Lorsqu’il s’agit d’un ensemble de problèmes qui sont aussi difficiles que ceux-ci, et pour lesquels il y a autant de points de vue différents, ce n’est pas commun de réunir tous les gouvernements de la fédération canadienne, mais nous y sommes arrivés.

Clairement, les antécédents historiques, les besoins et les relations spécifiques seront différents d’une province à l’autre et d’un territoire à l’autre, et il y aura donc de grandes différences entre nos interventions, mais tous ont montré une grande volonté à poursuivre les efforts. Nous approchons du premier anniversaire et de son rapport, et je crois qu’il sera donc important que les provinces et les territoires se mobilisent, mais aussi que la reddition de comptes dont j’ai parlé plus tôt, avec le poste d’ombudsman que nous allons créer, constitueront des outils importants pour, je le redis, révéler les lacunes et déterminer qui en est responsable.

Le problème de l’incarcération et de l’emprisonnement a déjà été mentionné, et évidemment, les provinces et l’administration de la justice doivent jouer un rôle important sur ce plan. Un grand nombre des services d’éducation et de services sociaux qui ont été mis en cause sont de la compétence provinciale ou territoriale, et il va falloir se pencher là-dessus également.

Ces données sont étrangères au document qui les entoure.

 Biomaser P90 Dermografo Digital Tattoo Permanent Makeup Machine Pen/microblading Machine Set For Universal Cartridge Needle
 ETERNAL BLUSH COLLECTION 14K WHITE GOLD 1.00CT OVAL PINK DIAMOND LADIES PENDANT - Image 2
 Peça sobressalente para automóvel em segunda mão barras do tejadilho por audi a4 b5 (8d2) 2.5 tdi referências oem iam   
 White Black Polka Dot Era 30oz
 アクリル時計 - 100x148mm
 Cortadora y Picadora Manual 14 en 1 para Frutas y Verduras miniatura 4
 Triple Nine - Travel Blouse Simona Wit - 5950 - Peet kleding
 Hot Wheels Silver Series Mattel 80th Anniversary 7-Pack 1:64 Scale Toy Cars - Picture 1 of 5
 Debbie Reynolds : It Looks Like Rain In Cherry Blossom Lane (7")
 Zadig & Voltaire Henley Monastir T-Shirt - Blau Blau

Nous allons certainement être là pour insister sur ces discussions. Nous ne reculerons pas devant les évaluations qui vont survenir, et nous allons certainement, dans nos interventions en réaction, nous assurer que les problèmes et les difficultés sont clairement cernés, afin qu’ils puissent être réglés, peu importe de qui cela relève.

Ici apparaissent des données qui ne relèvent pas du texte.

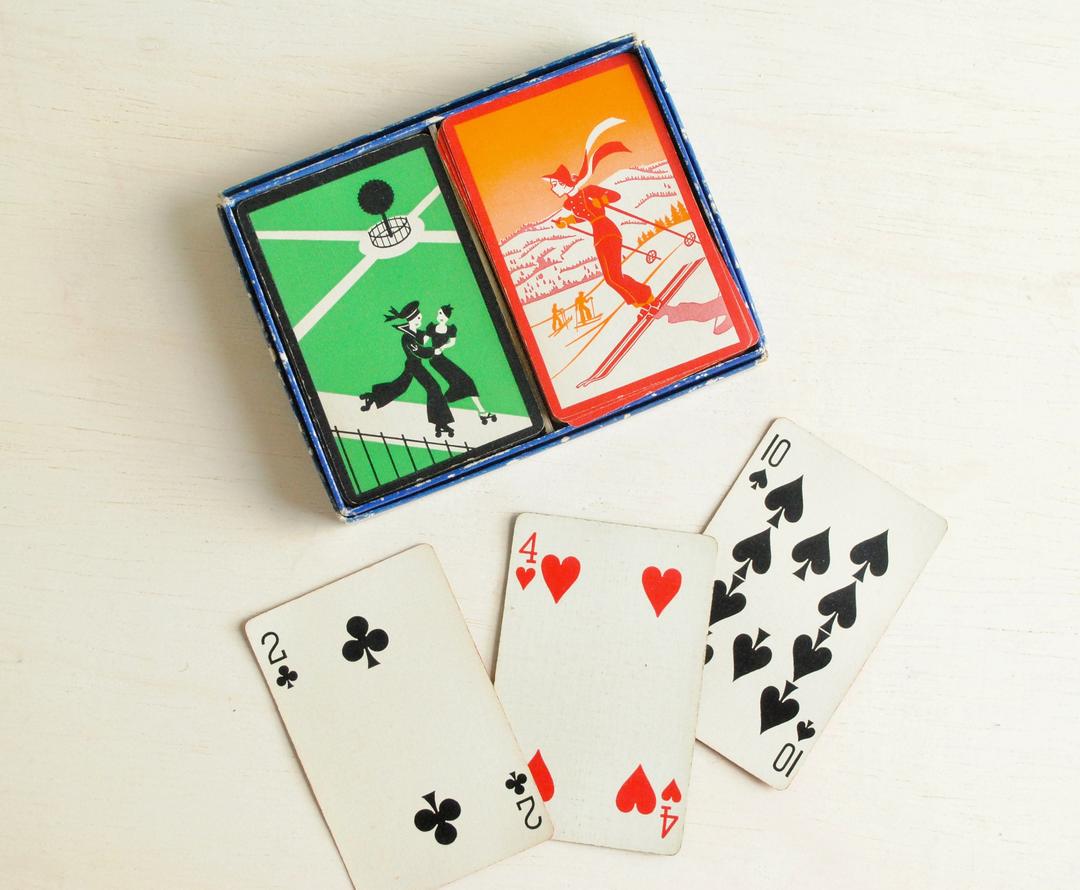 Vintage Playing Card Set, Hamilton Playing Cards, Retro Playing Cards ...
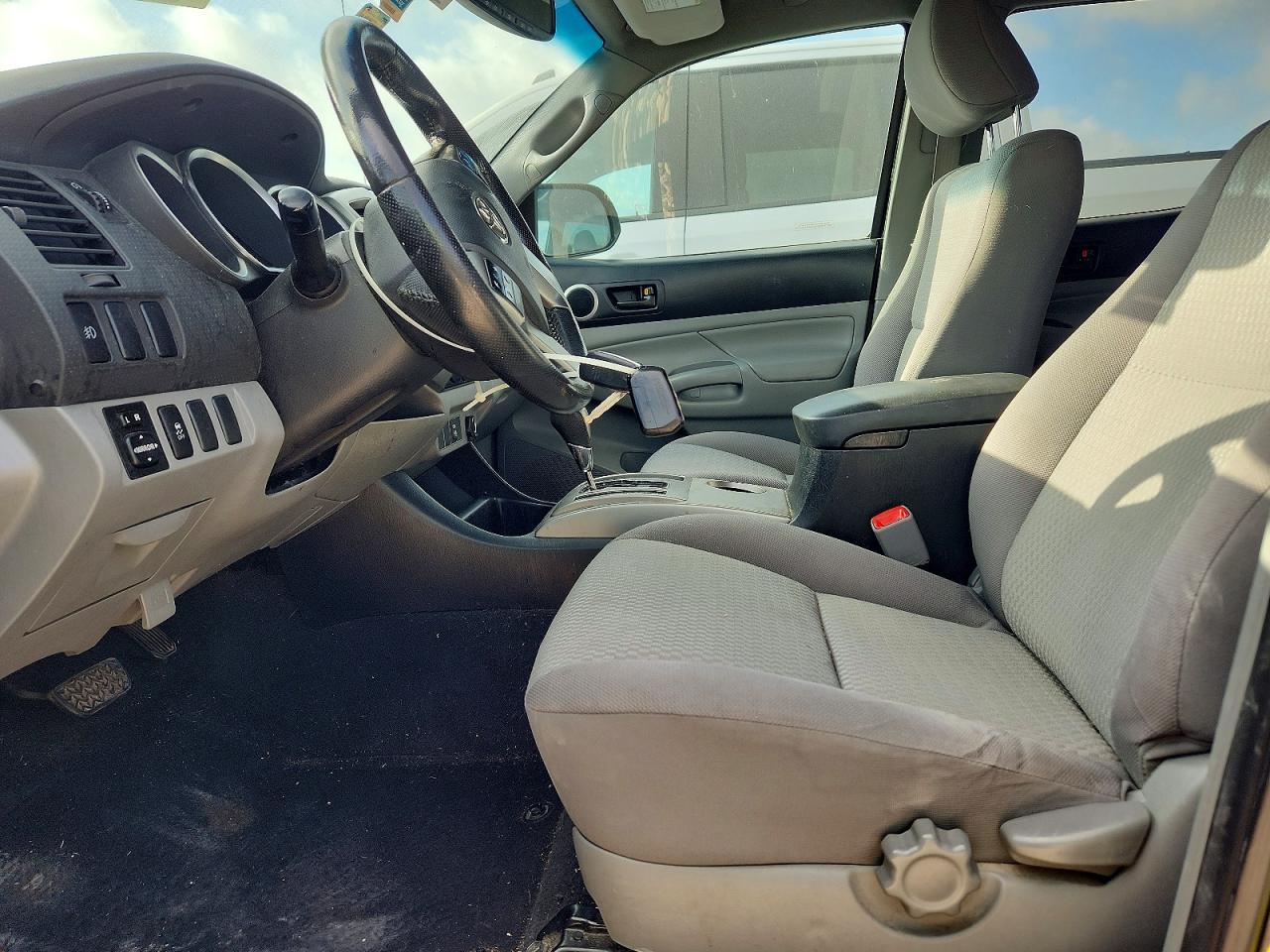 2012 Toyota Tacoma Double Cab Prerunner Black vin: 5TFJU4GN0CX023923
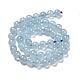 Natürliche Aquamarin Perlen Stränge G-D0013-75B-2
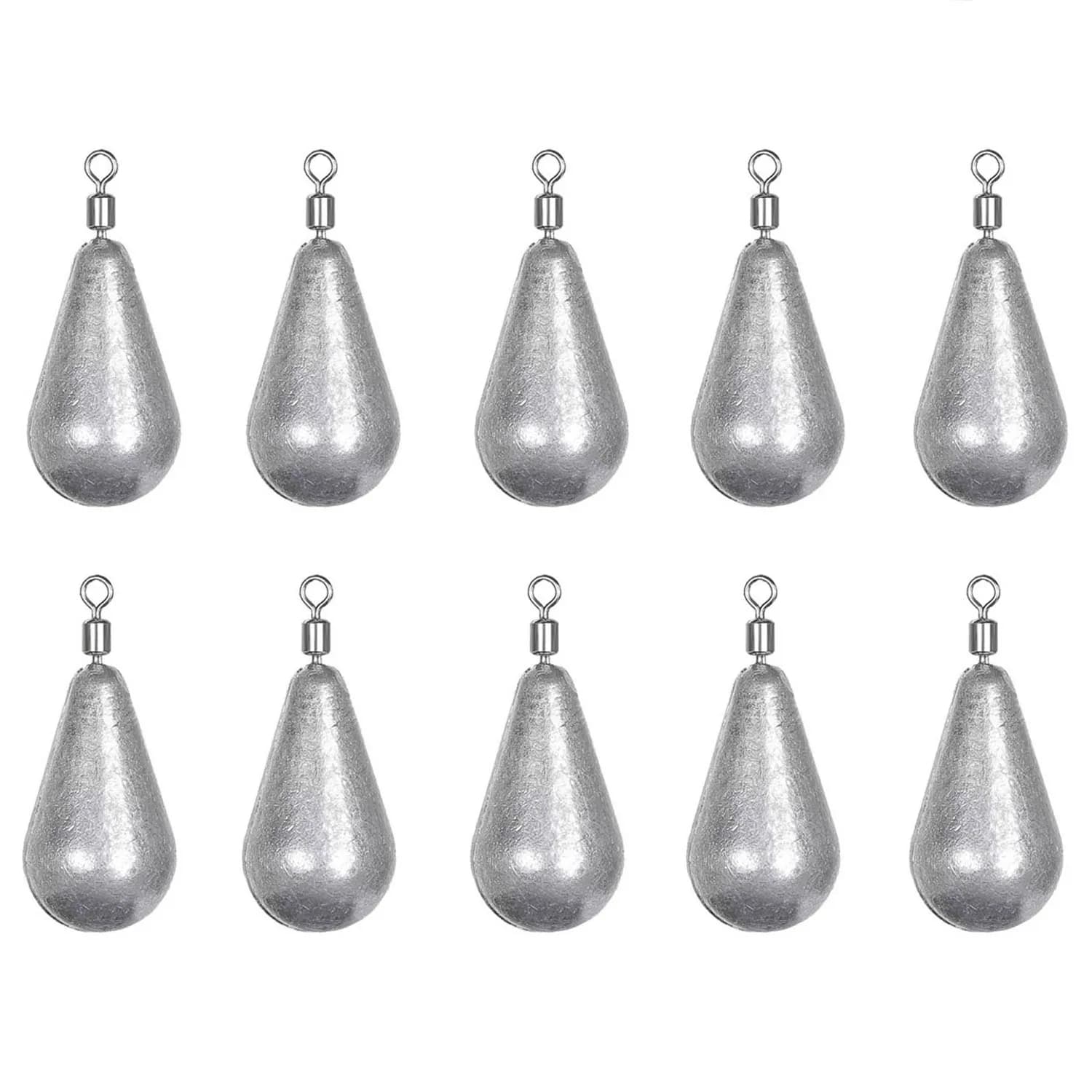 10pcs/lot Fishing Weight Sinkers 3.5g 5g 7g 10g 14g 20g Soft Bait Sinker Bass Fi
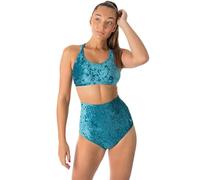 Dragonfly Pole Dance Shorts Betty Velvet Comodo con Vita Alta e vestibilità Perfetta | Massima libertà di Movimento | Doppia Fodera nella Zona del Cavallo | 80% Poliammide 20% Elastan Oeko-Tex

Le sénateur Arnot : J’aimerais que le sous-ministre parle un peu plus d’éducation et de ces éléments dans les appels à la justice. Il a parlé des forces policières, du personnel médical et d’autres choses qui relèvent de la compétence provinciale. Qu’en est-il de l’éducation du public en général au sujet de ces questions et de l’importance de les régler?

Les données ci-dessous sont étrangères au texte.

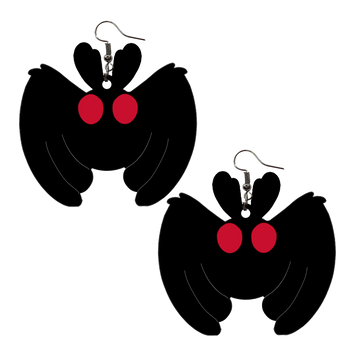Mothman Earrings
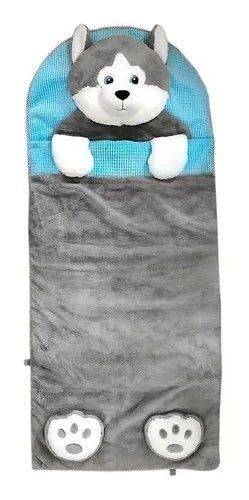 Hugfun Kids Animal Slumber Bag features a plush Great Wolf Lodge GWL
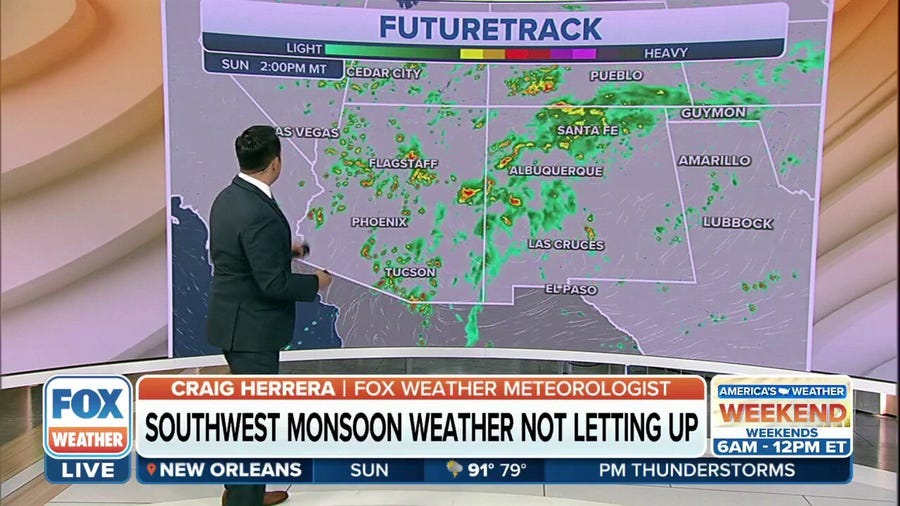 Monsoon weather not letting up in the Southwest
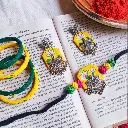 Voidveil Necklace,Bangles,Earings Set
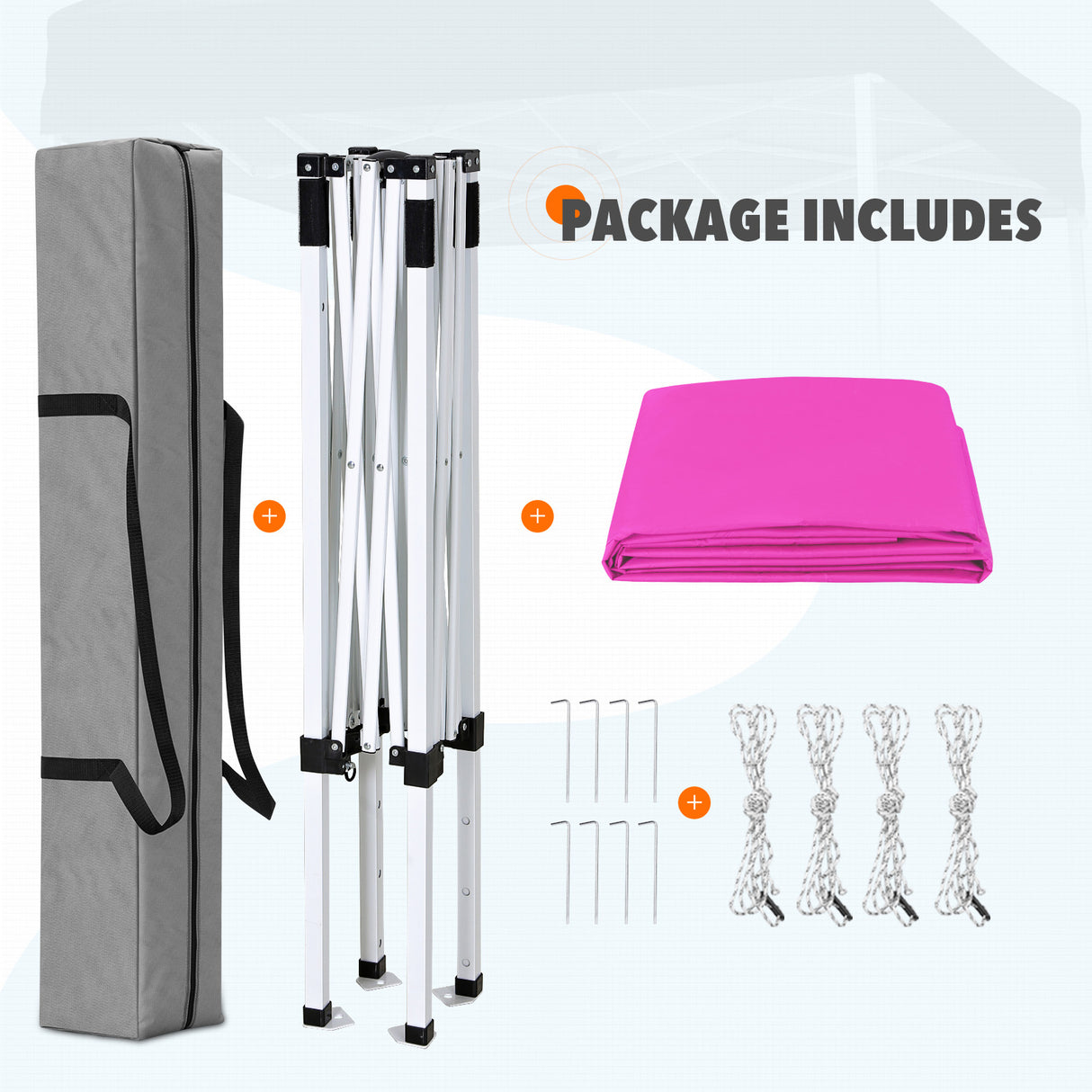 5x5 Pop Up Canopy Tent Instant Straight Leg Outdoor Canopy Easy Set-up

M. Quan-Watson : Merci de poser la question et d’aborder ce sujet. Bien sûr, monsieur le sénateur, puisque vous avez été Commissaire aux traités, vous savez très bien ce qui arrive quand les gens ne comprennent pas leur propre histoire. Je pense en particulier aux non-Autochtones qui n’ont aucune idée de l’importance et du sens des traités.

Une des choses qui ont été soulignées dans le rapport et par beaucoup d’autres est que nous souffrons tous, au bout du compte — les Autochtones en particulier —, quand le reste de la population n’a pas appris complètement ou exactement son histoire.

Je sais que mes collègues de SAC, dans leurs efforts d’éducation, travaillent pour régler ces lacunes non seulement dans les programmes dont ils sont directement responsables, mais aussi dans leurs interactions avec les provinces et les territoires.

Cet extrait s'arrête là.